There is no single solution for this. But we have to try all that we can to fight such issues of bias and fairness in Web. For my part, I have been addressing this through the use of collaboration — specifically, bringing in diversity and inclusion in search. For example, in 2007-2008, as a part of my work with Jeremy Pickens and late Gene Golovchinsky at FXPAL, I looked at having people with different backgrounds and skillsets to work together in collaborative search. This was with algorithmic mediation. During 2008-2010, I continued exploring this idea from the user side (people identifying and leveraging different roles). With my doctoral student Roberto Gonzalez-Ibanez, we then worked on identifying opportunities for collaboration in search (2010-2012), so we could start creating synergies instead of biases. In 2013-2014, I worked with Laure Soulier and Lynda Tamine from IRIT in France to bring both the system-side and the user-side together in an attempt to have diverse roles of people while working on search tasks.

While these works were going on with collaboration, I have also been exploring a parallel thread on social information seeking. This is where I studied how communities could come together in creating more synergic solutions, sort of using “wisdom of crowd” idea, rather than relying on any single individual’s ideas and opinions. This thread has been carried out from 2008 to the present day.

Now, we have started a new thread in my lab that is aimed at addressing bias in search in an individual searcher’s setting. It’s not easy. First off, the notions of bias and fairness are not clearly defined, and our own understanding of them keeps evolving.

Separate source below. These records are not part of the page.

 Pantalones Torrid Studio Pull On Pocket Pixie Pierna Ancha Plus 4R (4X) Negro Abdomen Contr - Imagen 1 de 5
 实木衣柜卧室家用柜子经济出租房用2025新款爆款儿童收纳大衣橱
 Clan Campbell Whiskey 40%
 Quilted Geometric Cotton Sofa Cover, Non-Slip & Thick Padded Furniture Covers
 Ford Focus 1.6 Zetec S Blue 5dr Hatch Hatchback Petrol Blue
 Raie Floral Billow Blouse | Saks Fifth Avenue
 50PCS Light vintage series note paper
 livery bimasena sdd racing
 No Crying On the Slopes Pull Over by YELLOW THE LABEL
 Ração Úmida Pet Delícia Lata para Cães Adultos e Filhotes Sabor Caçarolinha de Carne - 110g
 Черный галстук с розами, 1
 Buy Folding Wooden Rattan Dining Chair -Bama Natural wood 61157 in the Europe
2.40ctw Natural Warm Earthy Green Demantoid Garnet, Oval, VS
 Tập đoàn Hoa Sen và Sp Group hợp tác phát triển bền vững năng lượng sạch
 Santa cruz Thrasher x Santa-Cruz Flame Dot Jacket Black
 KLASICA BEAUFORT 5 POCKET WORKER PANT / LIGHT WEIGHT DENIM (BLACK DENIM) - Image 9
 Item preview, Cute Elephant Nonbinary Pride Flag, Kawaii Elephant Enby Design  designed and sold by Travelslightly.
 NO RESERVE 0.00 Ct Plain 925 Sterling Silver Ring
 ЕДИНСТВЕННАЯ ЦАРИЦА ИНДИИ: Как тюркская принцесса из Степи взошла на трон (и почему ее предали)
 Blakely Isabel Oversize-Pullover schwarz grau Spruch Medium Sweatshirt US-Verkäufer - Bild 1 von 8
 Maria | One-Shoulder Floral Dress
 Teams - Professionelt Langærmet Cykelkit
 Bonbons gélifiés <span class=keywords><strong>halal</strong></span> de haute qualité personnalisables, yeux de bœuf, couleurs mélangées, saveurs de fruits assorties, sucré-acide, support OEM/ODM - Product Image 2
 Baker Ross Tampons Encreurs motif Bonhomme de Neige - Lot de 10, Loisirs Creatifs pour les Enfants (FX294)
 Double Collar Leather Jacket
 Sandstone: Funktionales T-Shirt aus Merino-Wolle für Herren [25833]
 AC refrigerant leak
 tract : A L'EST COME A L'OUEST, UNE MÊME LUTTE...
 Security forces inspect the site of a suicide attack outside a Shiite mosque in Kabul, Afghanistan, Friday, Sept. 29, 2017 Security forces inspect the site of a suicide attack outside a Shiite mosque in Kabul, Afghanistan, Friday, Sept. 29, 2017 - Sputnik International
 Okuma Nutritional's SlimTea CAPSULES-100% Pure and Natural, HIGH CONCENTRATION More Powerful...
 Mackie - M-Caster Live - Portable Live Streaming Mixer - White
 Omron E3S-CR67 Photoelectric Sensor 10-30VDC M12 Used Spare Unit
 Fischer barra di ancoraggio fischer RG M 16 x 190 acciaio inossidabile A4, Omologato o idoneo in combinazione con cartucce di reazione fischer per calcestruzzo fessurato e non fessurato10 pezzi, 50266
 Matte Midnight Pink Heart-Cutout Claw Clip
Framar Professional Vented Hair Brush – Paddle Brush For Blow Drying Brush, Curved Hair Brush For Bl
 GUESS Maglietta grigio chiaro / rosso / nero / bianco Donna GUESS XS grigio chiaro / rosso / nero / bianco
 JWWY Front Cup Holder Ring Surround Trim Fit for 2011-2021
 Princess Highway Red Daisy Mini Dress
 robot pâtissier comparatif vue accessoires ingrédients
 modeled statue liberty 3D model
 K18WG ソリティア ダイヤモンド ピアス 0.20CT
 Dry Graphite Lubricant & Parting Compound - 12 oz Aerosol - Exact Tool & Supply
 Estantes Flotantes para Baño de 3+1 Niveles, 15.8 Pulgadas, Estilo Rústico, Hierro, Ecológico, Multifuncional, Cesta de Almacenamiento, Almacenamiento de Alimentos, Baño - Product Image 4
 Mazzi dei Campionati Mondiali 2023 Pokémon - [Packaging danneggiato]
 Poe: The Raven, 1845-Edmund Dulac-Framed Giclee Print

Second, there are several layers of complexity here that involve data as well as algorithms of ranking and organizing information, and it’s not always clear which of these layers are responsible for introducing bias. Third, there is a large amount of personalization in pretty much everything we see and consume on the Web today. Since this layer of personalization is, as the name suggests, personal, it’s hard to peel it off.

Still, I think this issue of bias and fairness in the Web is very important and together with my colleagues and students, I am continuing to invest a lot of efforts on this problem. It’s been more than a decade of working on this problem through many different angles, and I feel like we are just getting started!